Our language is our soul,our technologies are our body.
When A.I. as autonomous agent out of our social fabric and out of Nature capture them for the benefit of few oligarchs, giving people lessons about adaptation resemble someone advising how to swim to better adapt when the Titanic goes in the abyss...
Some oligarch said it openly the few able to adapt very rapidly will benefit... What a consolation and what means this advice ?... Society and freedom are not for the happy few or for 1% elite but for all ...
Singing with the techno cultists welcome dear A.I. solve all our problems is singing and "blowing with the wind " with the deceived unlike Ulysses hearing the sirens ..
« A metaphor is a phone call between two objects»-- Groucho Marx teaching technology ![]()
I am very concerned about AI alignment.

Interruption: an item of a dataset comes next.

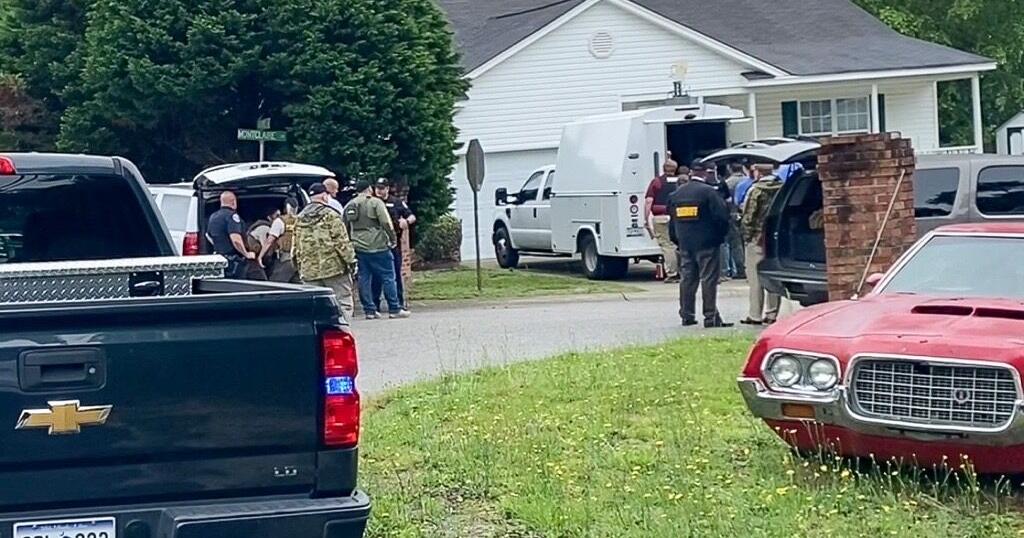Columbia-area man found dead, barricaded in house after hourslong standoff with deputies - Vimarsana News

But putting that aside... change is typically considered unique and bad this time:
1. Socrates (5th century BCE)
Yep, the Socrates. He warned that writing would destroy our memory and our ability to think deeply.
He said people would “seem to know much, while actually knowing nothing.”
Basically: “Kids these days with their papyrus scrolls…”2. Plato (sort of continuing Socrates)
He argued that written language would lead to shallow understanding vs. living dialogue.
Plato feared technology would degrade the soul’s relationship to truth.
Ironically… we know this because Plato wrote it down.
3. The Medieval Church (15th century) — Against the Printing Press
Leaders feared mass printing would:
• spread heresy
• destabilize authority
• create too many opinions
• encourage the “uneducated” to think for themselves
They were… not wrong.
4. The 18th & 19th Century Romantic Poets (Wordsworth, Blake, etc.)
They feared industrial machines would:
• crush nature
• destroy the human spirit
• turn people into cogs
Blake literally wrote about “dark Satanic mills.”
5. The Luddites (1811–1816)
Actual textile workers who smashed early industrial factory machines.
Not anti-technology per se — they feared technology owned by capital replacing skilled labor and dignity.
This one was more “class-war alarm” than “the robots will eat our souls.”
6. Henry David Thoreau (mid-19th century)
Railroads, telegraphs, and industrial society:
His view: “We do not ride on the railroad; it rides upon us.”
Translation: technology changes us more than we change it.
7. Leo Tolstoy (late 19th century)
Hated industrial modernity.
Saw it as a betrayal of spiritual life in favor of materialism.
Wanted simplicity, manual labor, and spiritual clarity.
8. Friedrich Nietzsche (late 19th century)
Distrust of mechanization and bureaucratic modernity.
Feared mass culture would crush individual greatness.
Would have loathed Twitter.
9. Martin Heidegger (1950s)
One of the most influential modern critics of technology.
Feared that technology makes us view everything (including humans) as resources to be optimized.
That one… hits hard today.
10. Jacques Ellul (1954) — The Technological Society
Argued that once a technology exists, society becomes shaped around it, not the other way around.
Efficiency becomes the god.
Influenced basically every thoughtful critic afterward.
11. Neil Postman (1980s–1990s)
Amusing Ourselves to Death.
Television and mass media, he said, would turn politics and knowledge into entertainment.
He predicted the rise of spectacle-based politics with terrifying accuracy.
12. Jaron Lanier (2000s–present)
Early VR pioneer turned tech-skeptic.
Critic of digital platforms, attention extraction, and “flattened identity.”
More “gentle warning” than doom.
13. And yes… Ted Kaczynski (Unabomber) (deeply problematic but relevant)
His manifesto argued industrial technological expansion would eliminate human autonomy.